Quality metadata is foundational to the research nexus and all Crossref services. When inaccuracies creep in, these create problems that get compounded down the line. No wonder that reports of metadata errors from authors, members, and other metadata users are some of the most common messages we receive into the technical support team (we encourage you to continue to report these metadata errors).
This is a companion discussion topic for the original entry at https://www.crossref.org/blog/flies-in-your-metadata-ointment/
Thanks to all who took time to read the blog post! Was there anything about the research nexus and our explanation about how metadata (errors) gets amplified beyond Crossref into the scholarly ecosystem that was news to anyone? Reactions?
The blog post was quite good. I think part of the problem is inadequate schemas. If you take as an example, part of the problem may be due to the fact that the schema says a string of length up to 32 characters. Of course some page numbers could be roman numerals, so it’s natural that you might accept a string, but it also means that something like 121-123 is not caught as an error. There is a natural tension between trying to be as flexible as possible in allowing weird page numbers and then assuming that most people would use it in a given way. Sometimes it’s better to err on the side of a restrictive schema if you are really counting on that data for matching. In this case I suspect page numbers are diminishing in importance.
We have struggled in collecting author names correctly, because coauthors tend to be sloppy in how they write their coauthor’s name (authors themselves are sometimes sloppy). People also change their names, and some don’t have surnames. I recommend that everyone read “Falsehoods Programmers Believe About Names” to understand how complex it is.
Titles in computer science and mathematics are also problematic, because it is common to use mathematical terminology in a title, and essentially nobody uses MATHML correctly (authors use TeX, and there are no reliable translators). That makes matching on titles problematic. The JATS format accepts inline mathematics in either MATHML or TeX.

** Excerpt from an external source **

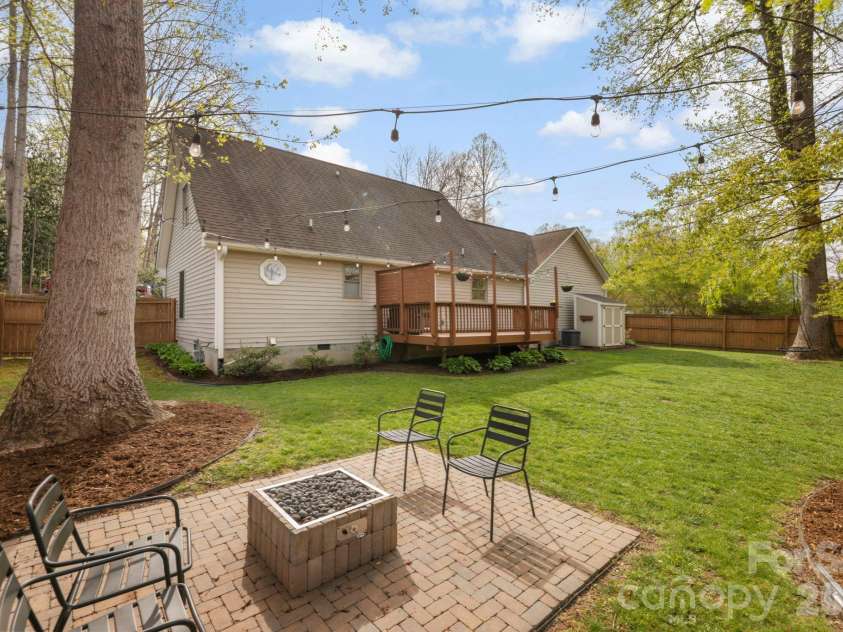 147 Higgins Road, Fletcher, NC 28732.  MLS# CAR4365204, YatesRealty ID 10413. Gas Fire Pit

I am particularly concerned about the schema for , which is pretty loose (e.g., it only supports a single author name). I suspect that in the case where a DOI is included for a citation, then that is all you need. In the case where there is no DOI, it’s important to have a schema that accurately reflects what a citation would look like. Because of this, we have decided to collect citation information in the JATS format instead of the crossref format.
Hi @mccurley ,
Thanks for reading and your kind words. I also appreciate your follow-up comments.
I’d say that I agree with your comment about the diminishing importance of page numbers for matching, but… There were a few sentences in my blog post about this that I sought clarification on from Dominika Tkaczyk, our Head of Strategic Initiatives. She did tell me that if the pagination registered with us is incorrect, and differs from the pagination stated in the citation, the matching process has a harder job, so it is still part of our process, and, thus, important.
Yes, on the author names. I hadn’t read “Falsehoods Programmers Believe About Names,” but find it illuminating, much like I did Nguyen Tan Thai Hung’s tweets about naming conventions in Southeast Asia from earlier this year: https://twitter.com/hung_tt_nguyen/status/1503936865916919813?s=21. Thanks for sharing.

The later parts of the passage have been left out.